Saul was also called into different relationships in his conversion. Saul had things to repair and apologies to make. When you’ve been burning down the house, you don’t get to just apologize and go on with your day. You have to pick up the hose and put out the fire.
He too, had to decide to give up the righteous judgment he was carrying against the people who were practicing their faith differently than his tradition had taught him to do. When he encounters Jesus on the road to Damascus, Jesus says “Saul, Saul, why are you persecuting me?”
When we judge and persecute others to the extent that we do not help them toward redemption, toward their next act, we are persecuting God.
I’m not suggesting we get rid of consequences for actions that hurt people, or that violate our human compacts that strive to allow us to live together in peace. But if the consequences don’t leave room for God’s voice to speak, in the life of today’s Sauls, in the lives of those called to hear him preach—then we miss our opportunity for redemption too.
It’s always easier to see the ways other people have missed opportunities for redemption than it is to see the ways I have done it. And so I continue to listen for God’s voice. I continue to leave silence in each day, so God’s voice might have an opportunity to penetrate the busy-ness of my routine.
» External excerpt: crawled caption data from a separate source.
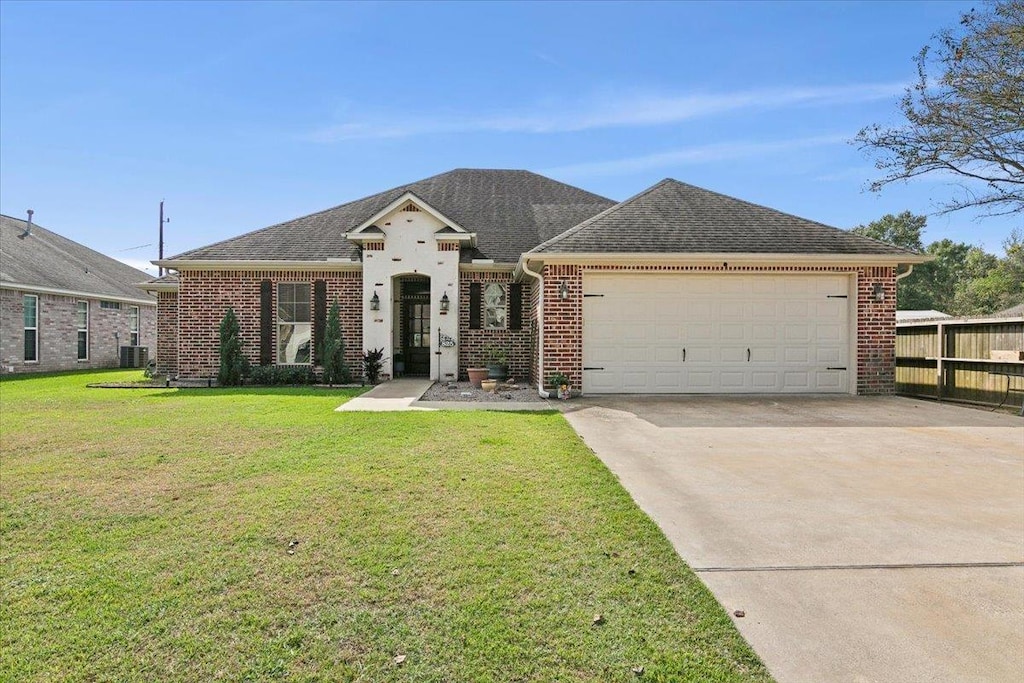 view of front of property with a front yard, a garage, and central air condition unit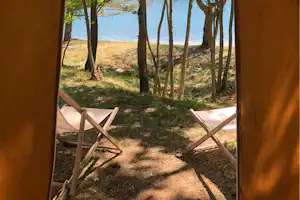 Blick aus dem Campingzelt auf den See durch Bäume, mit zwei Campingstühlen im Zeltvorraum.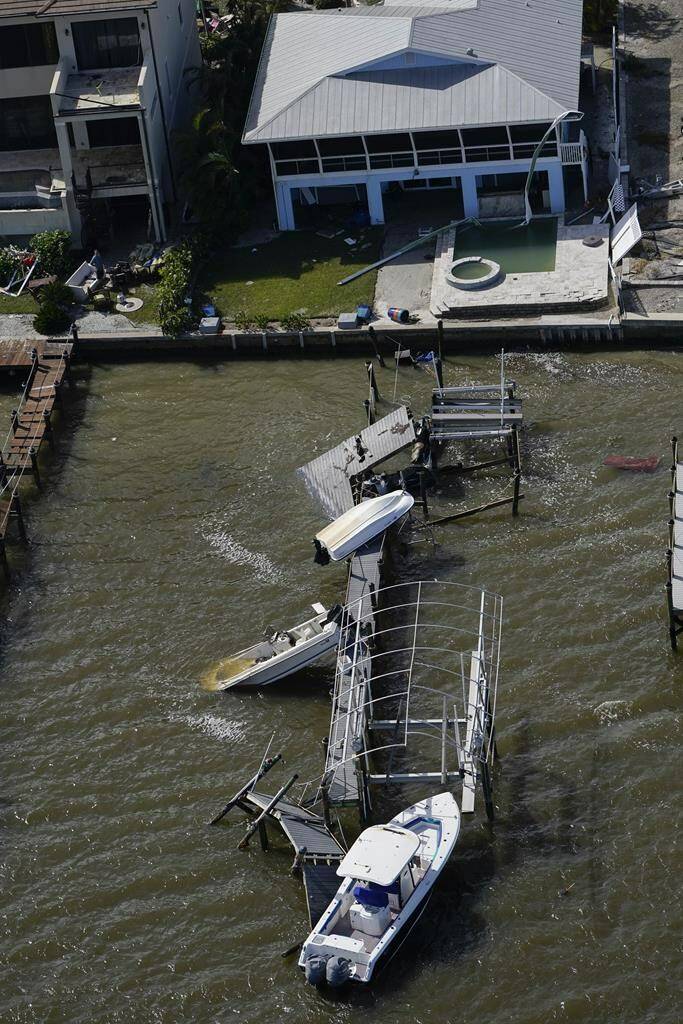 Boats and a damaged home are seen in the aftermath of Hurricane Ian, Thursday, Sept. 29, 2022, in Fort Myers Beach, Fla. (AP Photo/Wilfredo Lee)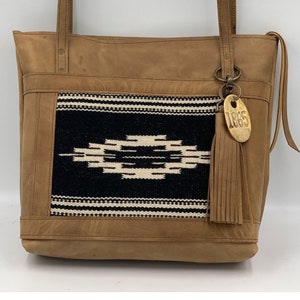 Colección Taos: bolso grande de mano de piel de vaca marrón tostado con tejido en blanco y negro. Colección Jackson Place: bolso de mano tejido a mano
I try to catch myself before I rush to judgment against another person, so I won’t hinder the dreams God is creating for someone else.
I work to be aware of the moments when I have deserved judgment and have instead received grace, and seek to be grateful for the opportunities to live into many second acts.
My call story to ministry is not as showy as Saul’s. I was not blinded by the light. My companions on the road didn’t hear Jesus talking to me. My call story has been, instead, a series of second, third, and fourth acts, new chances offered by other people.
The work of our Matthew 25 Partners is about second acts, giving people a path out of abusive relationships, out of addiction, out of the challenges that have come to define them, so that they can be known in new ways.
When we support opportunities for people to live in safety, to be housed, educated, fed, and nurtured, we are answering God’s call for second acts. This is one of the reasons your giving and serving matter. Together, we can do more than any of us can do on our own.
How about you? How has God used other people to speak God’s mercy into your life, welcoming you as family? How has God’s voice called you to come alongside someone in need of a second act, another chance?
Think of the stories that have yet to be written in those lives. May they be stories of hope, and transformation.